Ms Sacoolas, 43, and her husband, Jonathan, were stationed at a Royal Air Force base in Northamptonshire when she rammed into Harry Dunn, 19, while he was riding his motorbike.
Lawyers for Mr Dunn’s family have now raised the possibility that Ms Sacoolas was ‘distracted’ by her mobile phone at the time of the fatal crash in August 2019.
Court documents said Ms Sacoolas had been ‘evasive, unresponsive and inconsistent’ about her use of the phone.
According to court documents, no calls or text messages were found on Ms Sacoolas’ SIM card on the day of the accident, but call records on her phone were found for the day before and the day after.
The documents say the data “raises the possibility that Ms. Sacoolas was distracted by her mobile phone… and establishes that the relevant phone data has been deleted”.
Prior to the submission of the documents, it was widely believed that Ms Sacoolas had hit Mr Dunn because she had mistakenly driven on the wrong side of the road on her way out of the RAF air base.

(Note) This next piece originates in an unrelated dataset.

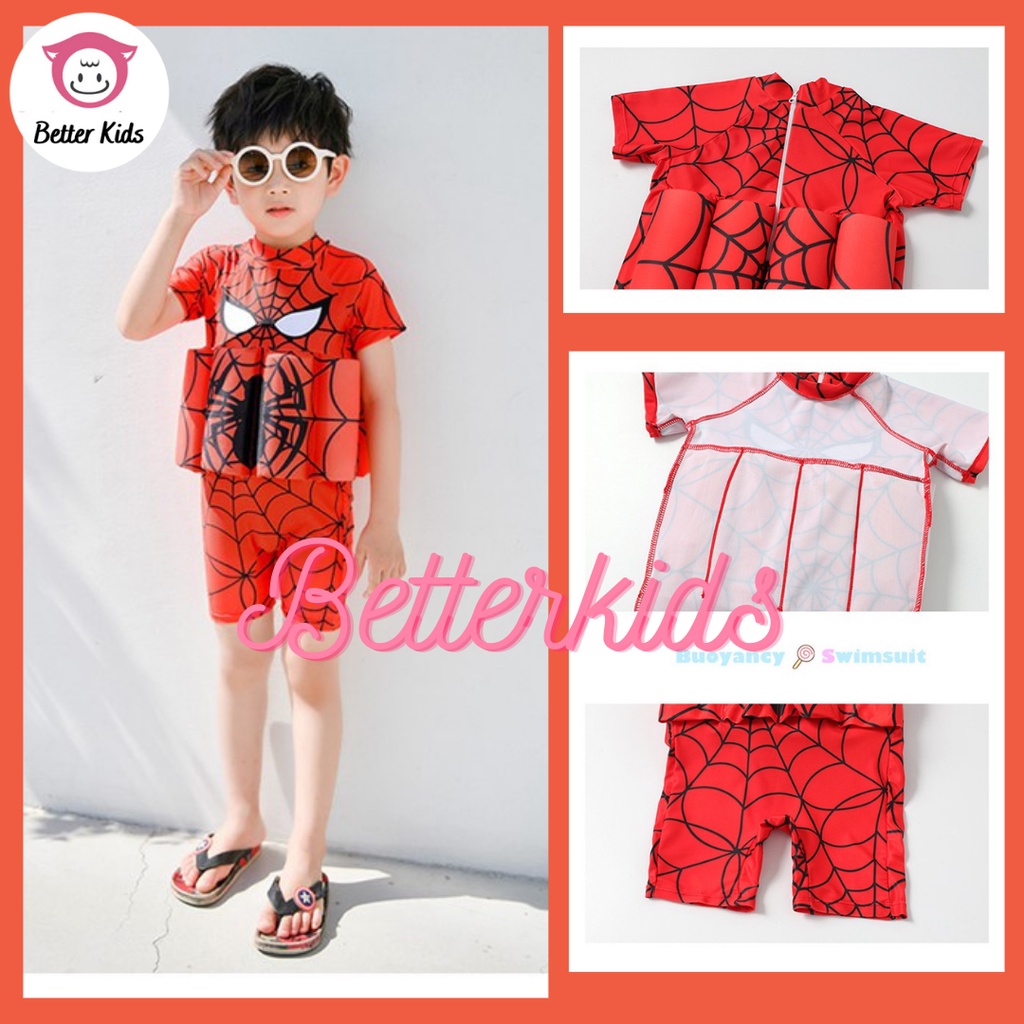 Đồ Bơi Người Nhện Cho Bé Kèm Mũ Và Phao Trợ Nổi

She admitted responsibility for the accident, but controversially left England claiming diplomatic immunity before she could be charged and tried.
She refused to return and now lives with her husband and their three children in northern Virginia.

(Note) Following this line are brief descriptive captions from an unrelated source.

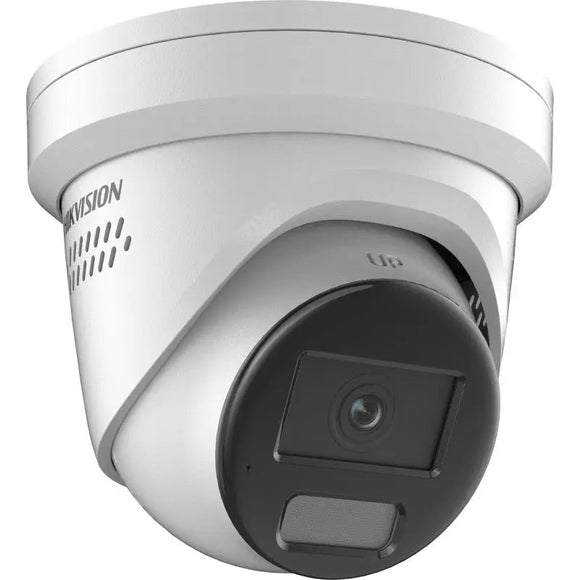 Hikvision DS-2CD2347G2-LSU/SL 4MP ColorVu Outdoor Dome IP Camera w/ 2.8mm Lens, 24/7 Color, Strobe Light + Audible Alarm, Audio, H.265+, IP67, 12VDC/PoE (Renewed)
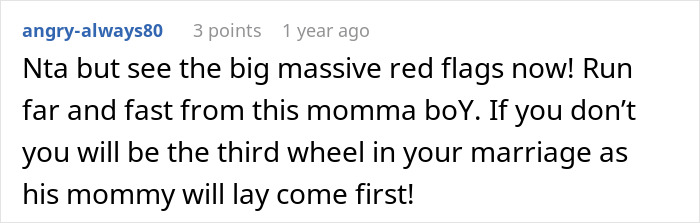 Comment on a forum discussing a mother-in-law deciding to wear a white dress for her son's wedding, causing conflict with the bride.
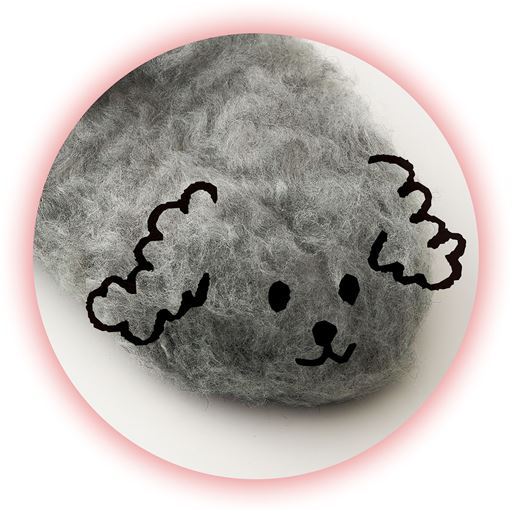 肌側はプードルみたいにふわふわ。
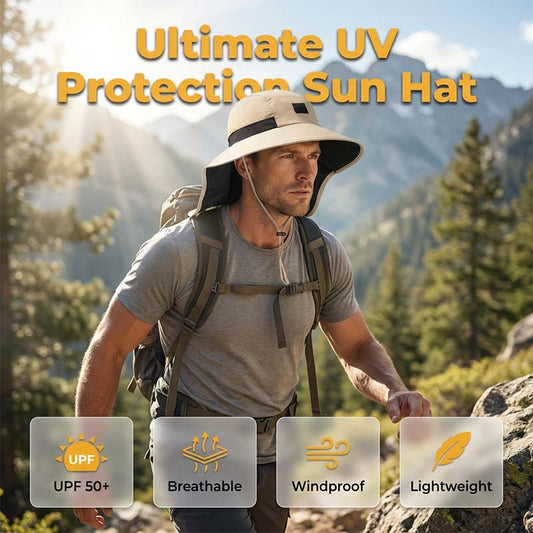 🌞UPF 50+ široký okraj sluneční klobouk s ochranou krku🏕️
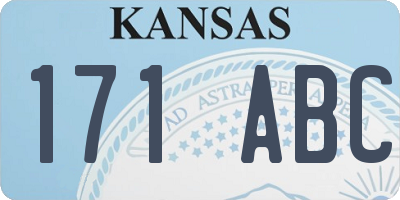 KS license plate 171ABC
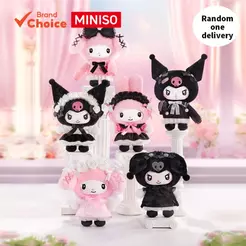 MINISO sanrio jardim dos anjos série - kuromi & my melody adorável pelúcia de vinil em caixas cegas presente 11,5cm ×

Mr Dunn’s family filed a civil suit in the US District Court in Alexandria, Virginia, last year.
Last month, US District Judge TS Ellis III rejected an argument by lawyers for the Sacoolas that the case should be dismissed in the US because it should instead be heard in the UK.

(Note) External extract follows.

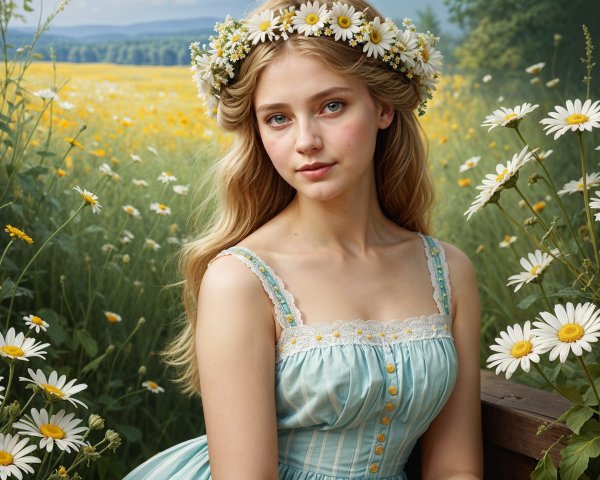 Young woman in blue dress among daisies in a field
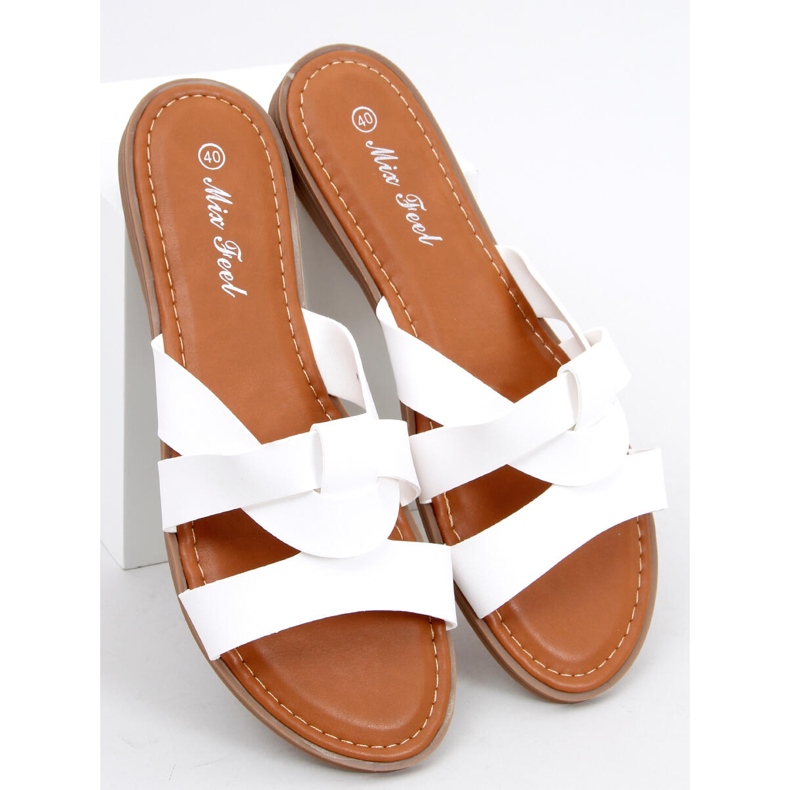 Női keresztpapucs Poppy White fehér 1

According to the lawsuit, Ms Sacoolas was driving her Volvo SUV on the wrong side of the road near the Croughton base when she hit Mr Dunn.
The lawsuit said she had been living in England for several weeks at that time and should have been acclimated to driving on the left side of the road.
The lawsuit alleged that she did not call an ambulance and that it was a passerby who arrived minutes later who called for help.
Lawyers for Ms Sacoolas objected to how her actions were portrayed.
In February, in US District Court, John McGavin, one of Ms Sacoolas’ lawyers, revealed she was working for the US State Department at the time of the accident.
In an exchange with the court, Judge Ellis asked Mr. McGavin: “Are you saying that Mr. and Mrs. Sacoolas were employed by a United States intelligence agency, and that is why she is part ?
Mr McGavin replied: ‘I think that was a big factor, certainly’, in his departure from the UK.
It had previously been made public that her husband, Jonathan, worked for the US government at RAF Croughton.
Mr Dunn’s mother and father have fought tirelessly for justice since their son’s tragic death.